Monday, June 13, 2011

Monday's Musings on Sports - Lebron Haters, a Torah Perspective

As regular readers of this blog are aware, the Monday post was usually devoted to sports with highlights and analysis of the Max Kellerman show which formerly aired on 1050 ESPN Radio. Although Max resigned from 1050 more than a year ago (he has recently resurfaced on ESPN Radio in Los Angeles), I have tried to continue the tradition of linking sports to Torah which I believe was an undercurrent of the Max Kellerman show.

Last night, the Dallas Mavericks completed an unlikely run to win their first NBA championship. In so doing, the Mavericks swept the defending champion LA Lakers in four games, before going five games against the Oklahoma City Thunder and then taking down the heavily favored Miami Heat in six games.

An interesting side note to the series was the nation's strong and perhaps unhealthy rooting interest against the Miami Heat. Prior to the current NBA season, the Miami Heat were not a "hated" sports team as they had no strong rivalry with another team and had not done anything controversial in their NBA history.

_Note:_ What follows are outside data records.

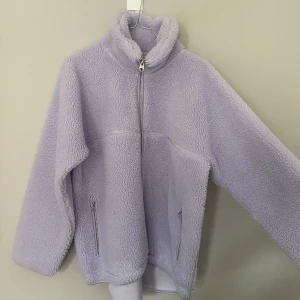 Ljuslila fleecejacka med dragkedja - Mysig ljuslila fleecejacka med hög krage och hel dragkedja framtill. Jackan har två fickor med dragkedja och är långärmad. Perfekt för kyliga dagar när du vill vara både varm och stilren.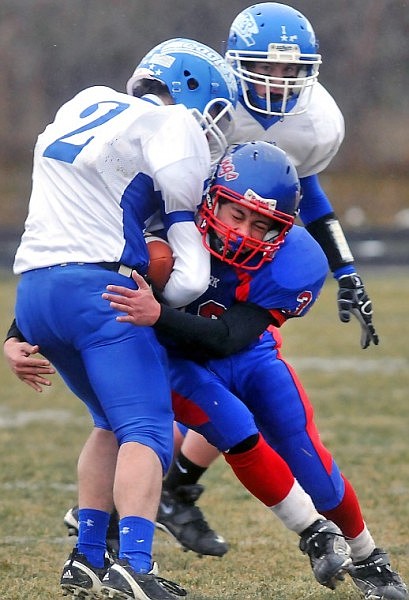 Bigfork's Alex Ruiz wraps his arms around Fairfield's Troy McInerney (2).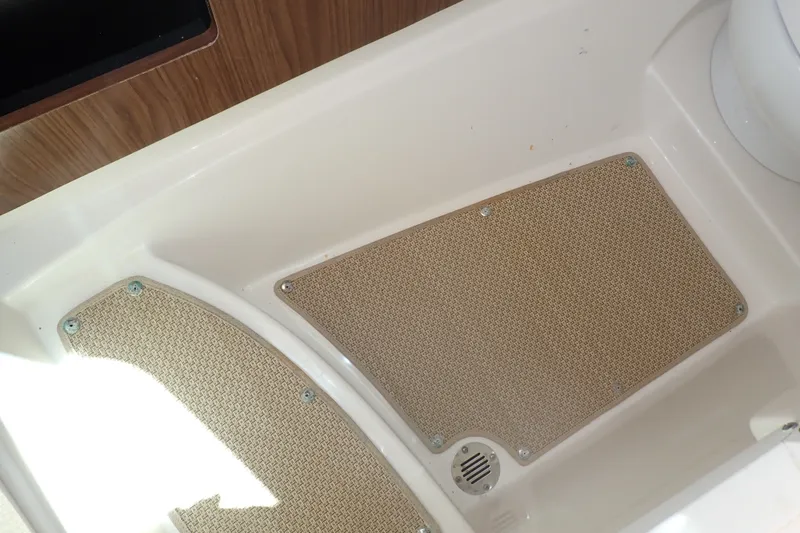 Slide: The Image of Interior flooring of a 2019 Sailfish 245 DC boat with textured mats and drain. - 35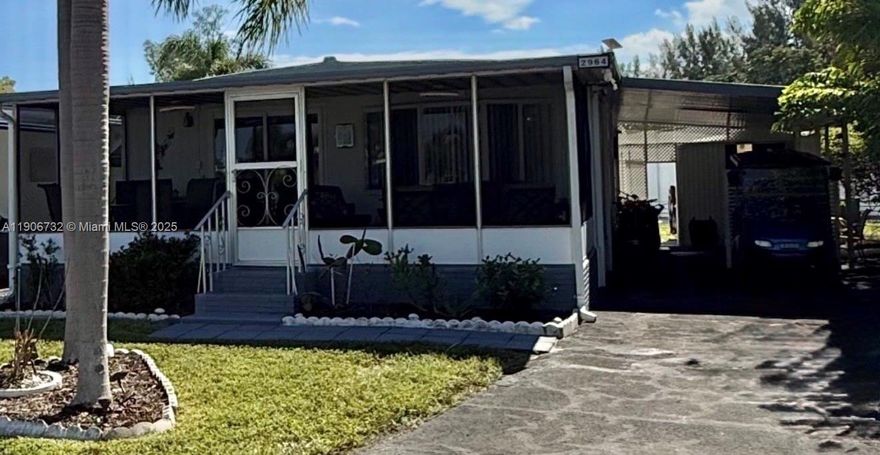 OWN the land! This charming 2 bedroom 2 bathroom fully furnished doublewide manufactured home features a very low HOA fee. Perfect for full time or part time living.  Located in the highly desirable Estates of Fort Lauderdale community.  Only 4 miles from Beaches, Dania Point Shopping, Hard Rock Casino, easy Freeway access and close to Airports.
Home features include; New patio door, Newer Stainless Steel Appliances, new lighting fixtures throughout with fans, updated bathrooms, driveway re-surfaced 2024, Open Floor plan, planted raised Garden, outdoor. new sealant on roof completed March 2025.
Extremely low HOA $115. Amenities; Clubhouse, Olympic size Swimming Pool, Fitness Center, Sauna, Pickleball, Petanque courts, Hair Salon, Shuffleboard & Clubs with Activities. No rental 1st 3yrs.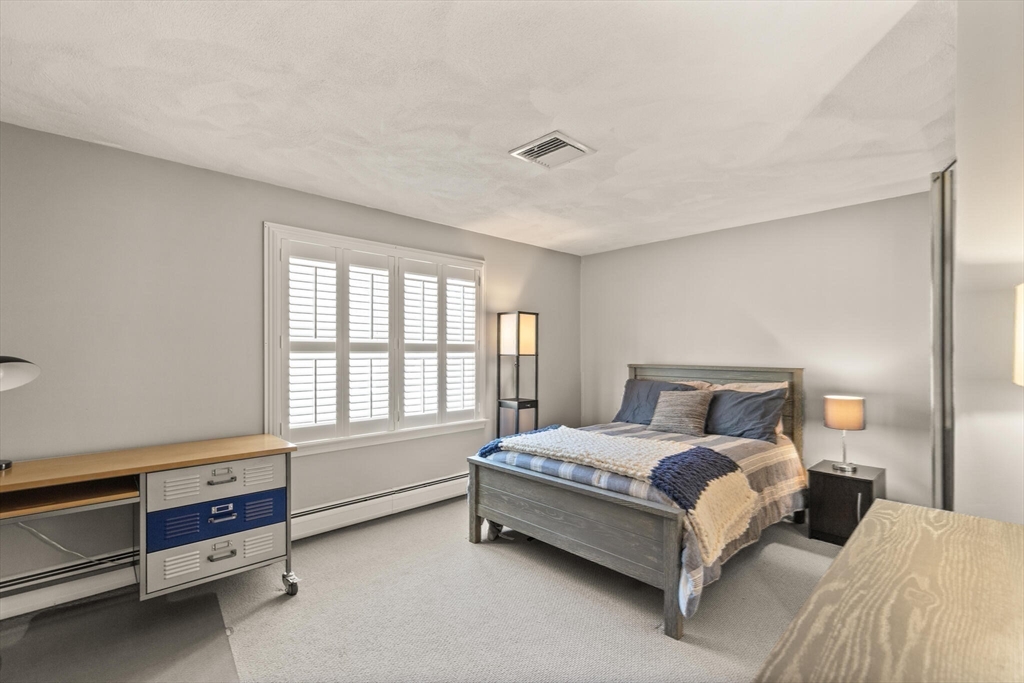 30 Underhill Road Lynnfield, MA 01940 - Photo 35 of 39 a bed room with a bed and a window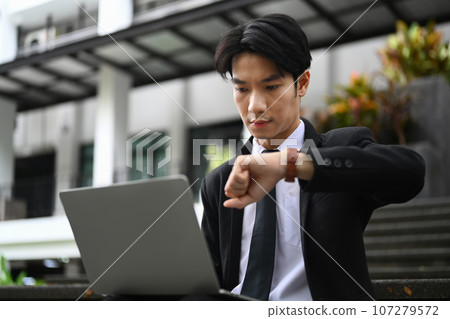 Young businessman using laptop and checking time on wristwatch for his next appointment 107279572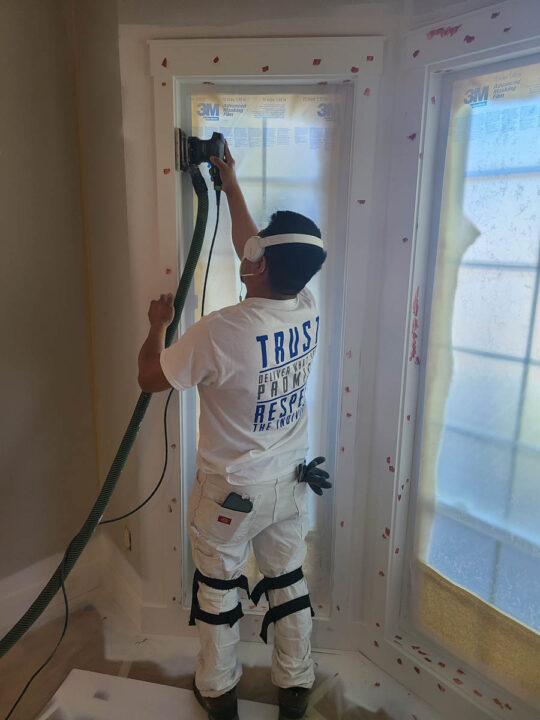 Person with protective earmuffs sanding a window frame inside a room, wearing a white t-shirt and pants, with a vacuum sander attached.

And then came last summer's "the decision", Lebron James' television special where he revealed that he was signing as a free agent with the Miami Heat. There has been much debate about whether James had ever intended to resign with Cleveland or even consider offers from the New York Knicks, New Jersey Nets or other potential suitors. Regardless of James' motives, much of the rest of the country (other than parts of South Florida) became Lebron "Haters" and by extension, began to root against the Miami Heat.

Fast forward to the NBA championship finals. The Heat had just dispatched the Chicago Bulls in five games, after beating the Boston Celtics in similar fashion. Most prognosticators projected that the Heat would beat the Mavericks in five or six games and take home the title. After winning the first game of the series, the press became louder in their touting of the Heat to win the championship. Dirk Nowitzky was playing with an injured hand and it looked like there was nothing between the Heat and glory. And then the Mavericks changed the way they were playing defense and James began to falter late in games. Suddenly, everyone on talk radio, in the newspapers, online and even people in the street began to express their hope that the Heat would lose. These expressions were not based on a love for the Mavericks or a dislike for the City of Miami (which has not engendered hatred like Boston or New York). It was pure, unadulterated loathing of Lebron James.

[For a great piece on Braylon Edwards, a former native son of Cleveland who was also hated when he left the City, and his efforts to give back to Cleveland, even though he has been gone for years - click here].

After the Mavericks finished off the Heat, there was a predictable series of interviews with Miami players and specifically Lebron James. One quotable thought from an interview which was picked up by the national media involved the following statement:

"[A]t the end of the day, all the people that were rooting on me to fail, at the end of the day, they have to wake up tomorrow and have the same life that they had before they woke up today,” James said. “They have the same personal problems they had today. I’m going to continue to live the way I want to live and continue to do the things that I want to do with me and my family and be happy with that."

While James was lambasted in the press for making this statement, I can see the logic in his words and indeed there is a Torah perspective which backs his thought. The sifrei mussar speak against the concept of jealousy and explain that when a person is jealous he is rejecting Hashem. The reason behind this concept is simple - if a person is jealous of another, he is not only expressing his displeasure with another person having something that he does not possess. A greater problem with this concept is that the person is actually rejecting Hashem's choice in giving the other person something which that person does not have. Every morning when the unhappy individual wakes up and hates the other person, he is actually saying, I hate you G-d for not giving me what he has. If the person then acts on his hatred, he will require Hashem to rebalance the equities in order to return each party to the level that he belongs on. It is for this reason that we are taught to be happy with our own lot, as it is taught in Pirkei Avos - who is wealthy, one who is happy with his lot.